Article 1 GENERAL

  • These general terms and conditions apply to the conclusion and execution of all agreements concluded between Blueprint (hereinafter: "the service provider") and the natural or legal person (hereinafter: "the client ") and on all offers of the service provider.
  • These general terms and conditions are also written for the benefit of the employees of the service provider and his/her director(s).
  • If one or more provisions in these general terms and conditions are at any time wholly or partially null and void or should  be annulled, the remainder in these general terms and conditions will remain certain fully applicable.
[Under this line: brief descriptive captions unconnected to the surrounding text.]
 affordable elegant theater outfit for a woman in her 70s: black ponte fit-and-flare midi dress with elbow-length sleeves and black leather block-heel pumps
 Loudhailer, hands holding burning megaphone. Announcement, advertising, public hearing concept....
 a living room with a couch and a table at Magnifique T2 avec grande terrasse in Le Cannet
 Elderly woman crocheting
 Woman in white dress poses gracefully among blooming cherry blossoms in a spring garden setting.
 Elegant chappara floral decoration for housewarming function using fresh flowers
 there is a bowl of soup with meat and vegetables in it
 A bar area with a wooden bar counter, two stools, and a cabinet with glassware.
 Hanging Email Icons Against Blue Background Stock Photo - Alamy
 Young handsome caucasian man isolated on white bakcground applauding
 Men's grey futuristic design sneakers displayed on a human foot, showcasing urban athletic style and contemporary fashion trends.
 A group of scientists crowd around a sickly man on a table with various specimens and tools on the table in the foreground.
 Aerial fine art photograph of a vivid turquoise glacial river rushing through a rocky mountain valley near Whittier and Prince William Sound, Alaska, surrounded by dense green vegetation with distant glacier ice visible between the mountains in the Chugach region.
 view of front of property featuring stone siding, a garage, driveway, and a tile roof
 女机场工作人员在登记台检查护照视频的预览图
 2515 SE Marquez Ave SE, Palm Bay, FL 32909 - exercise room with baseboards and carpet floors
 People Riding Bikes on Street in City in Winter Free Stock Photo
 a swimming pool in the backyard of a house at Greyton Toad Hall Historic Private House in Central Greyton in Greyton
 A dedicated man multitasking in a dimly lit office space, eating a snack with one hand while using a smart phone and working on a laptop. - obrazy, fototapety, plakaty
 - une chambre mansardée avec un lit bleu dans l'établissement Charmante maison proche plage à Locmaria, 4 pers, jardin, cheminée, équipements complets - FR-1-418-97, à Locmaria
The service provider and the client will then enter into consultations in order to agree on new provisions  to replace the void or destroyed provisions, whereby as much as  the purpose and scope of the original provisions  may be  respected.
  • All assignments are, with the exception of Article 7:404 of the Dutch Civil Code and Article 7:407 paragraph 2 of the Dutch Civil Code and Article 7:409 of the Dutch Civil Code, accepted and executed by the service provider.
  • If the service provider does not always require strict compliance with these conditions,  this does not mean that the provisions thereof do not apply, or that the service provider in any way to the extent that it  would lose the right to demand strict compliance with the provisions of these terms and conditions in other cases.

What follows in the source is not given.